● What is required
Would you retype, word for word, only the lines from the one holding "Plantilla de diseño" through the final line of the entries below, without the pictures?

● Entries provided
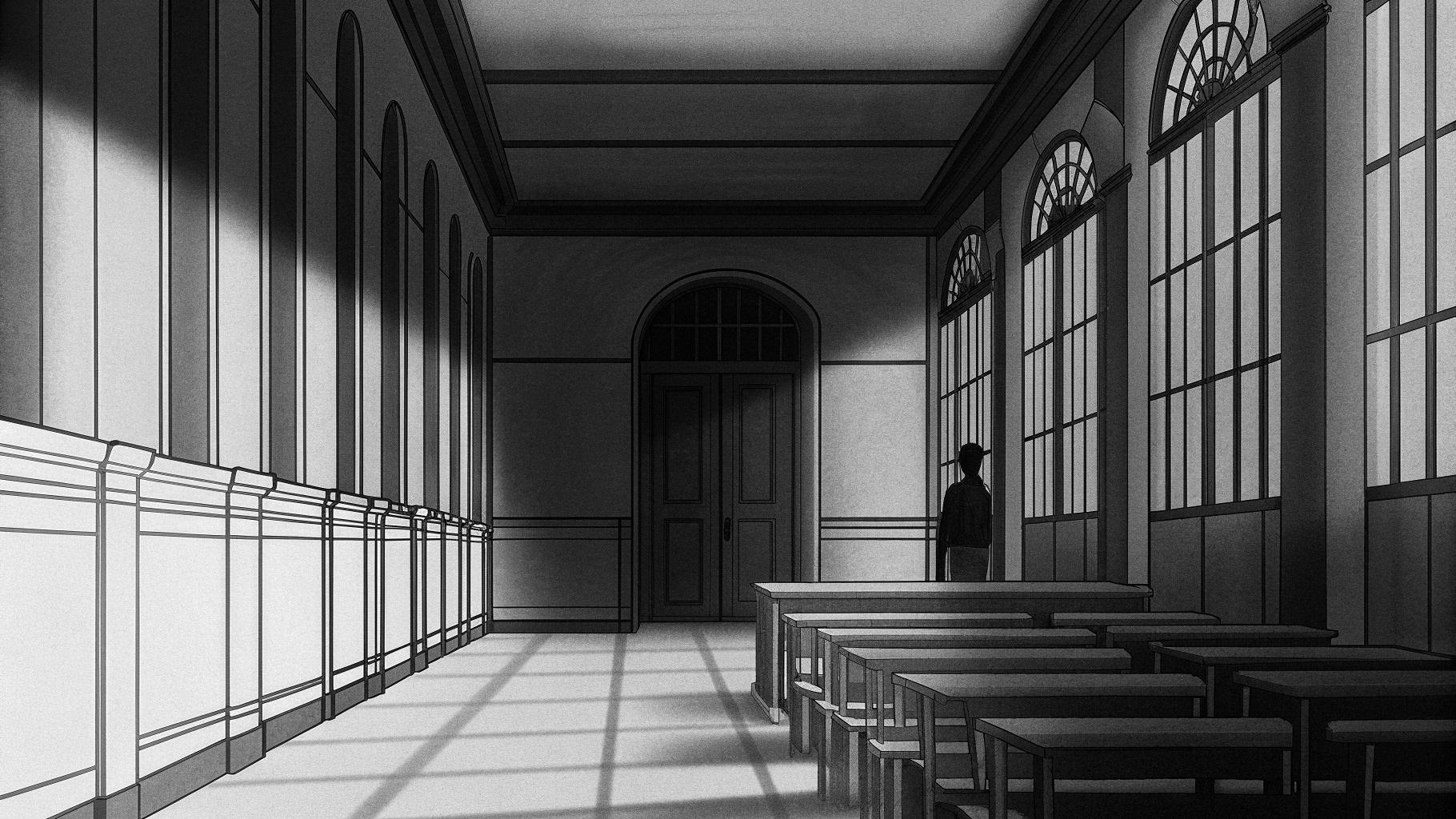 Illustration abstraite d’un lycée français perturbé, avec un couloir scolaire vide et des silhouettes suggérant la crise de l’éducation.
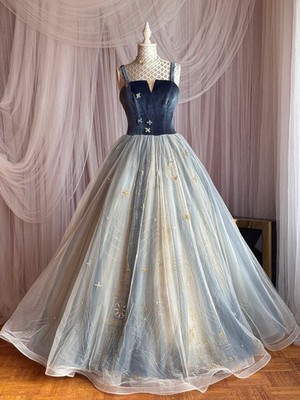 Abendkleid Abiball Hochzeitsgast Kleid Prinzessinnenkleid Samt Tüll Blau 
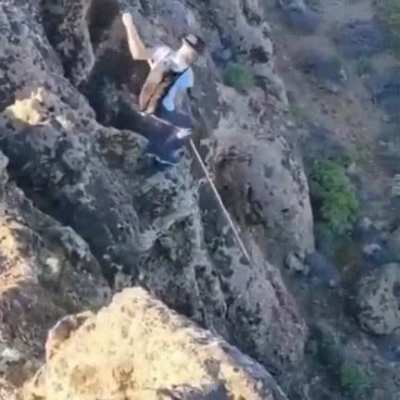 Ancient shepherds' technique for traversing volcanic terrain ("salto del pastor")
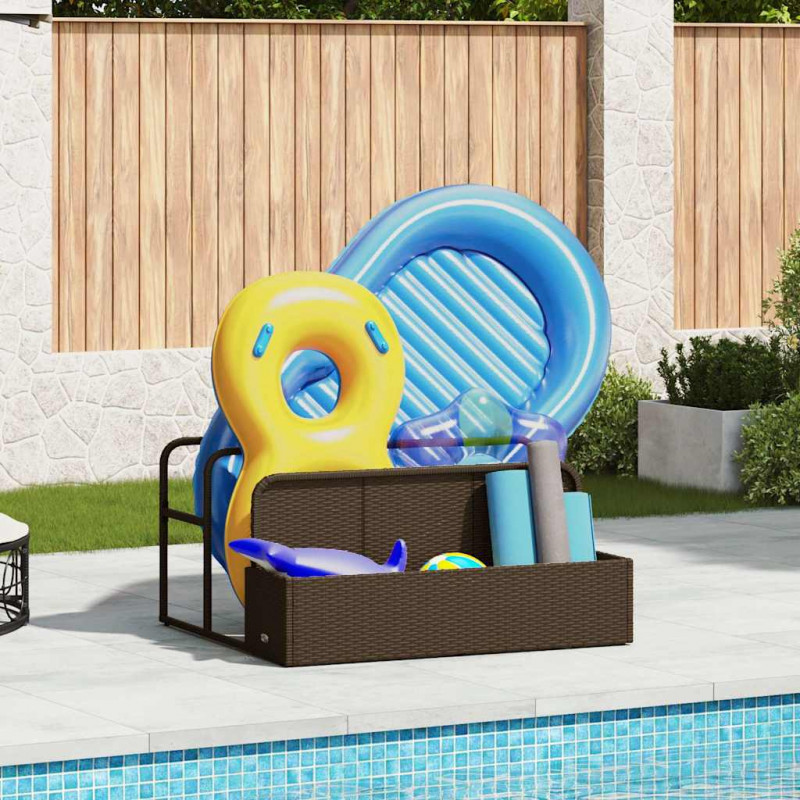 Poolside Float Storage Brązowy 110x100x57 cm Polirattan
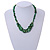 Stylish Cluster Shell and Glass Bead with Crystal Ring Necklace In Silver Tone (Green) - 45cm L/ 5cm Ext - view 2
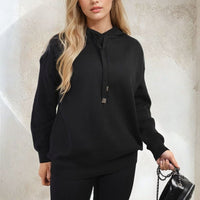 Back Heart Print Knitted Hoodie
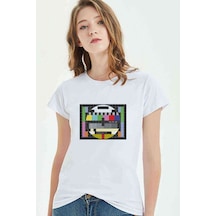 Sinyal Yok Baskılı Beyaz Kadın Tshirt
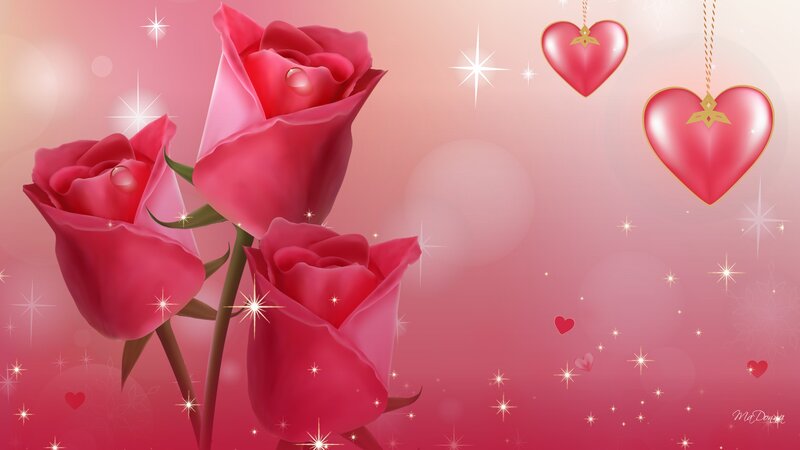 Three Pink Roses — Romantic, Digital Art
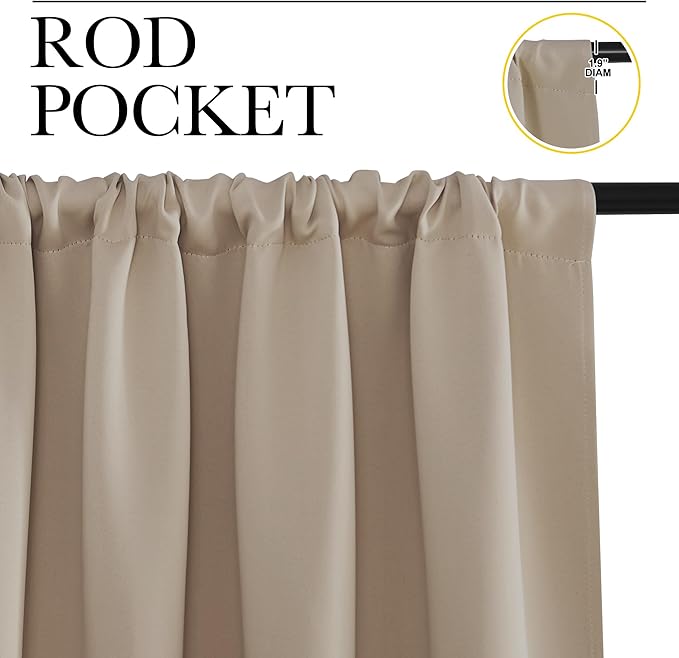 NICETOWN Blackout Curtains for RV Windows, Taupe, 29" by 20", 2 Panels, Room Darkening Window Curtain Panels, Easy-Care Solid Thermal Insulated Draperies/Drapes for Daughter Room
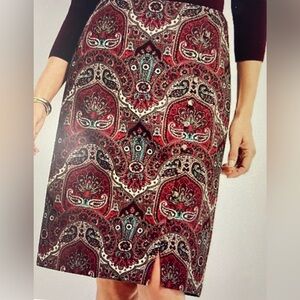 Talbots Red Paisley Faux-Wrap Side-Button Skirt - Petite Size 6 BNWT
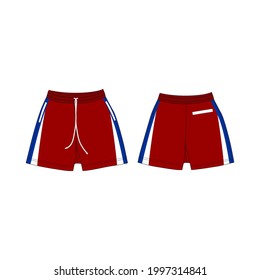 Plantilla de diseño de pantalones cortos, Marina, Colores marrones y naranjas, Vista frontal y posterior, uso comercial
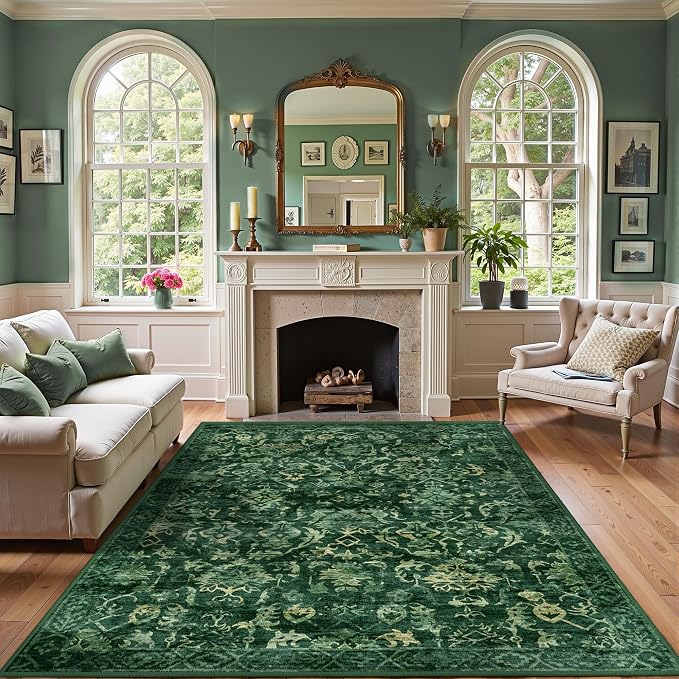 Dark Green Area Rugs 7x9 for Bedroom Nursery, Machine Washable Vintage Rugs, Distressed Living Room Rug, Non Slip Rugs for Living Room Rug Carpet Green for Dining
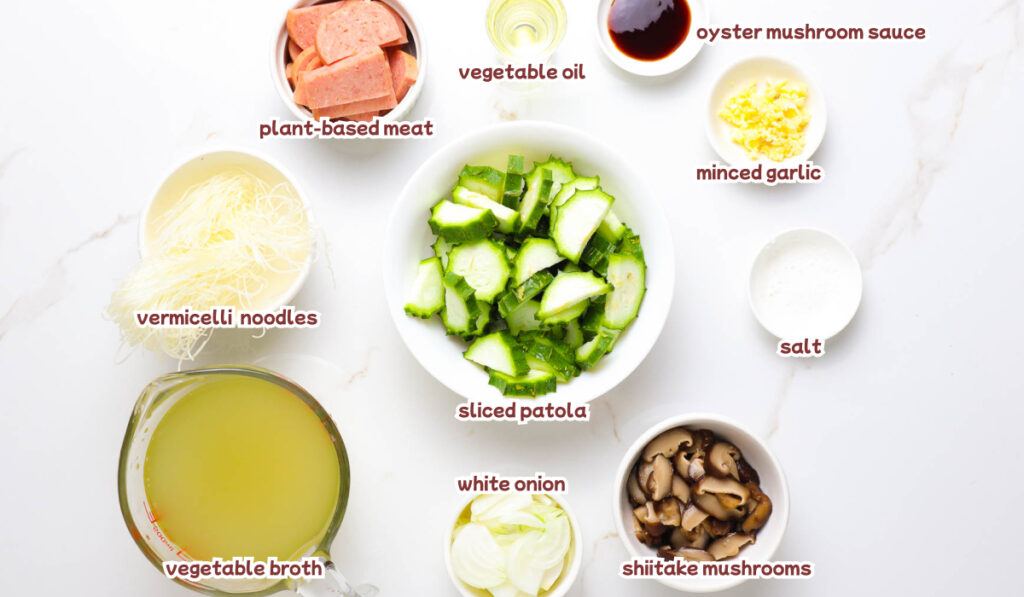ingredients for the ginisang patola with mushroom recipe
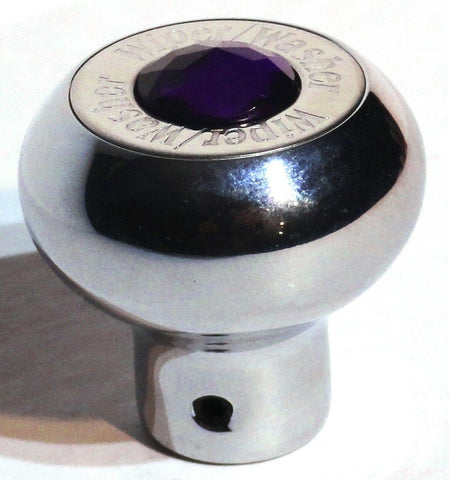Deluxe Wiper/Washer Control Knob Purple Jewel SS Block Letter 1/4 Shaft GG#95754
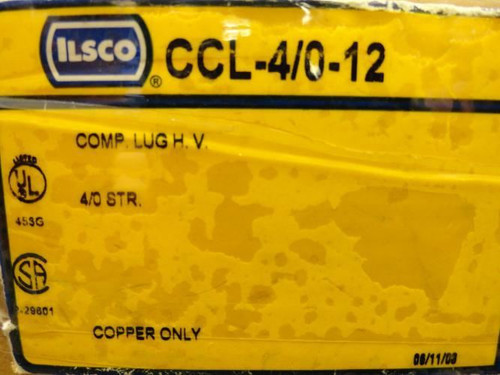 ILSCO CCL-4/0-12; Copper Compression Lug 4/0AWG; 1/2" Stud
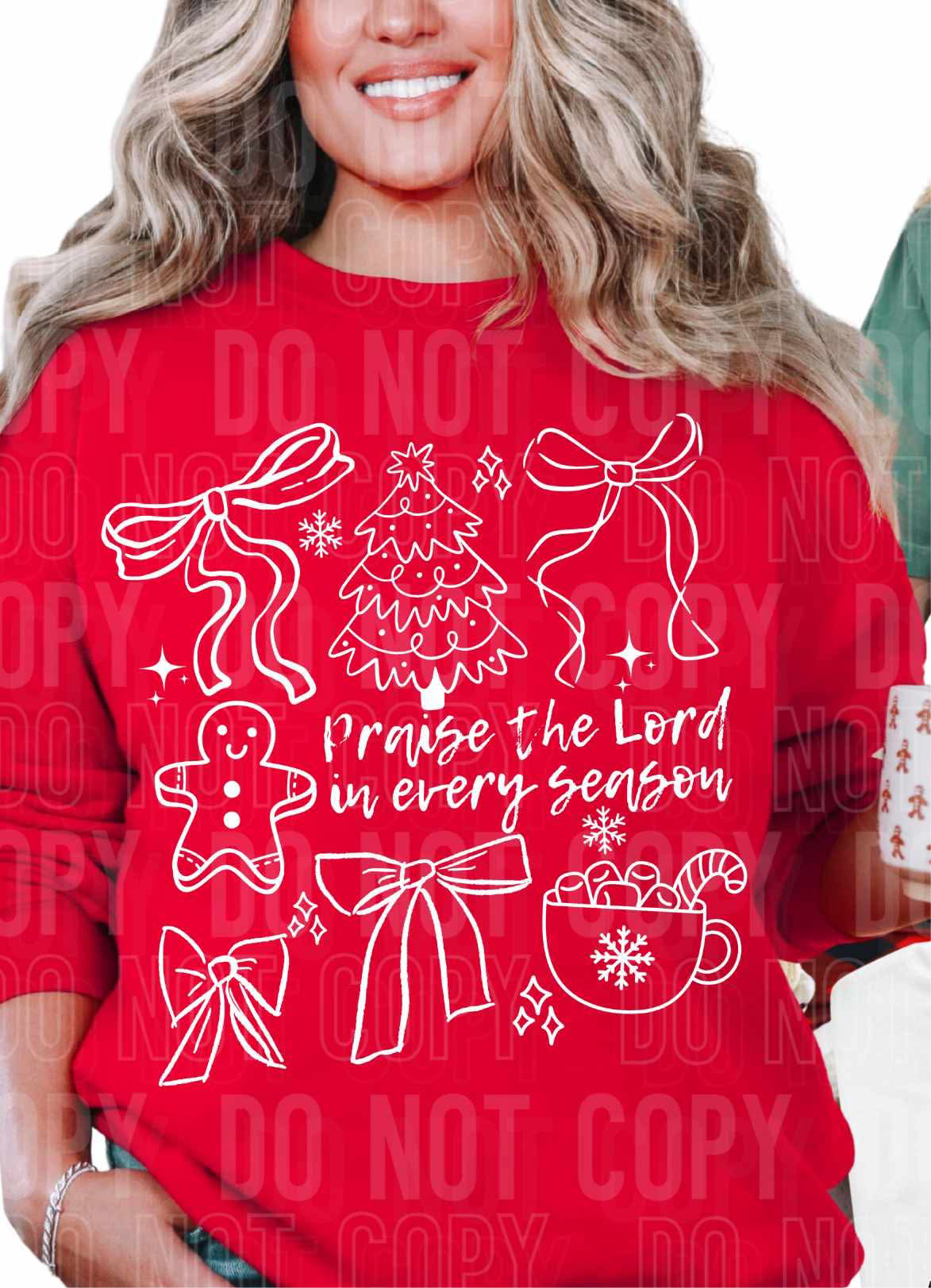 Praise the Lord in every season Christmas WHITE (SBB) DTF transfer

● Task answer
 Plantilla de diseño de pantalones cortos, Marina, Colores marrones y naranjas, Vista frontal y posterior, uso comercial
 Dark Green Area Rugs 7x9 for Bedroom Nursery, Machine Washable Vintage Rugs, Distressed Living Room Rug, Non Slip Rugs for Living Room Rug Carpet Green for Dining
ingredients for the ginisang patola with mushroom recipe
Deluxe Wiper/Washer Control Knob Purple Jewel SS Block Letter 1/4 Shaft GG#95754
 ILSCO CCL-4/0-12; Copper Compression Lug 4/0AWG; 1/2" Stud
 Praise the Lord in every season Christmas WHITE (SBB) DTF transfer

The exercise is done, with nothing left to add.